What's "not mutually exclusive"?? Be very careful how you words statements or questions (as I've said before, mathematics is very precise).

"Mutually exclusive" means that two events CANNOT both happen- one happening excludes the other. Whether two events are or are not mutually exclusive depends upon what the events are!

For example, suppose the "items" in your box are slips of paper numbered 1 to 100. You pick a slip of paper from the box, put it in your pocket (do not replace it in the box), and then draw a second paper from the box. The events "the first paper had the number 78 on it" and "the second paper had the number 85 on it" are not mutually exclusive but the events "the first paper had the number 78 on it" and "the second paper had the number 78 on it" are mutally exclusive.
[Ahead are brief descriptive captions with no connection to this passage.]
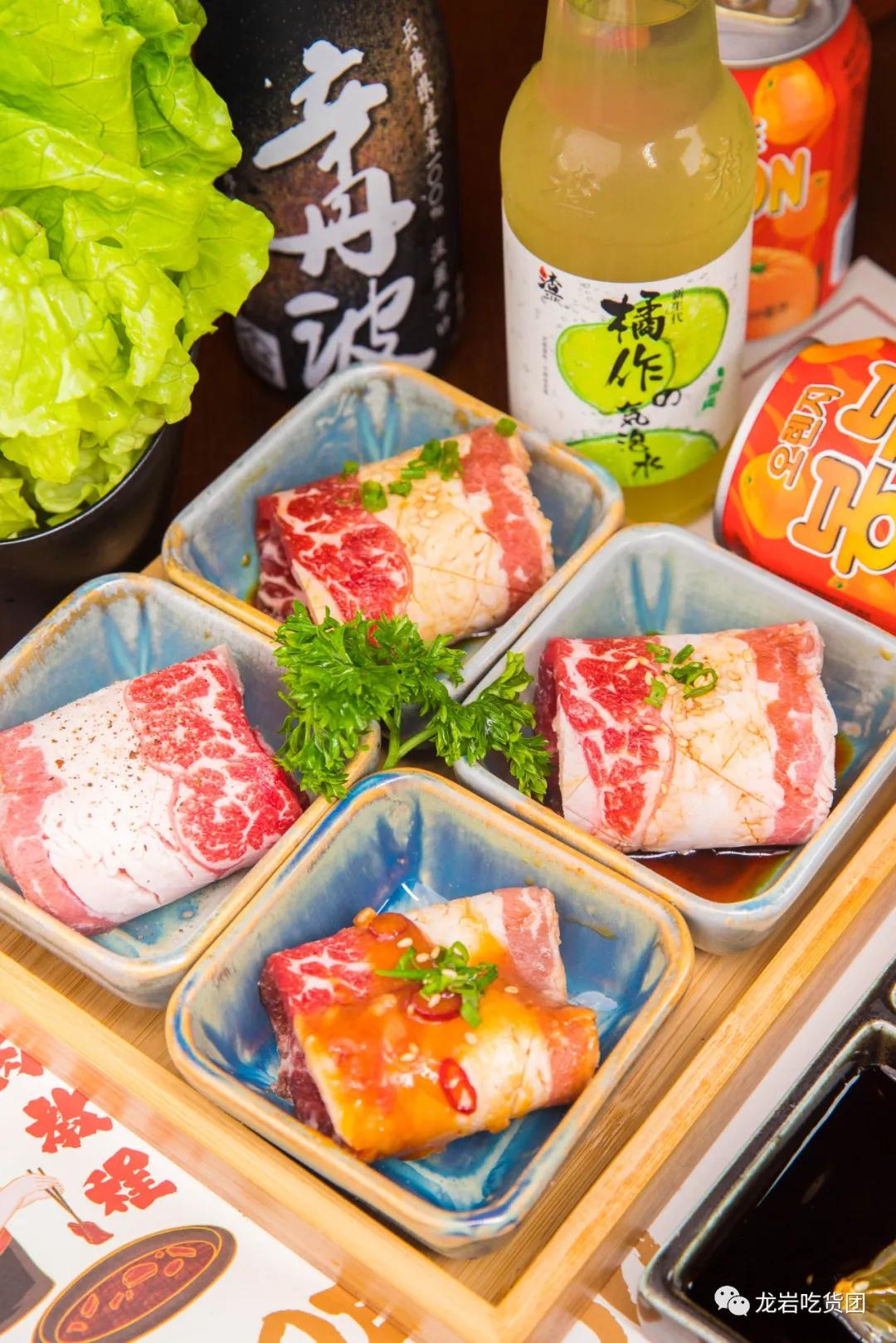 龙岩万达烧烤店哪家好吃,龙岩万达京畿烤肉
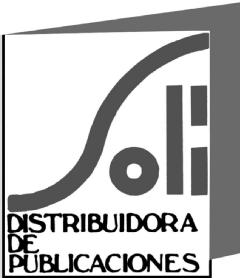 Imagen de SOLI DISTRIBUIDORA DE PUBLICACIONES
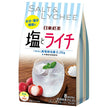 Thé noir Mitsui Norin Nitto sel et litchi (9,8 g x 8 bâtonnets) x 24 pièces 
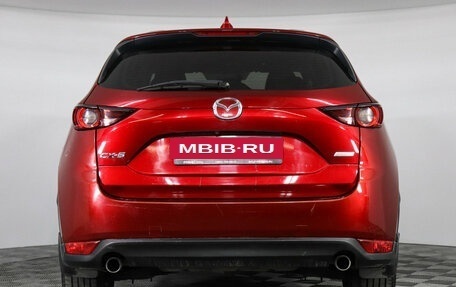 Mazda CX-5 II, 2018 год, 1 837 000 рублей, 6 фотография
If the first paper has the number 78 on it, that number is no longer in the box and can't be drawn the second time. With replacement, this would not be mutually exclusive since you could draw "78" both the first and second times.
On the other hand, whether you replace or not, the two events "the first paper has the number 78 on it" and "the first paper had the number 85 on it" are mutually exclusive.

Be very, very precise!
 
I think I got it thanks, so is this right?

There's a box with 4 black, 6 red, and 10 white balls. Balls are drawn with replacement. You draw four times and if you draw a black ball, you win money (lose money otherwise). Since you draw four times, then there will be cases where you draw 0, 1, 2, 3, 4 black balls. So probability of those would be 16/20, 4/20, 4/20, 4/20, 4/20 respectively?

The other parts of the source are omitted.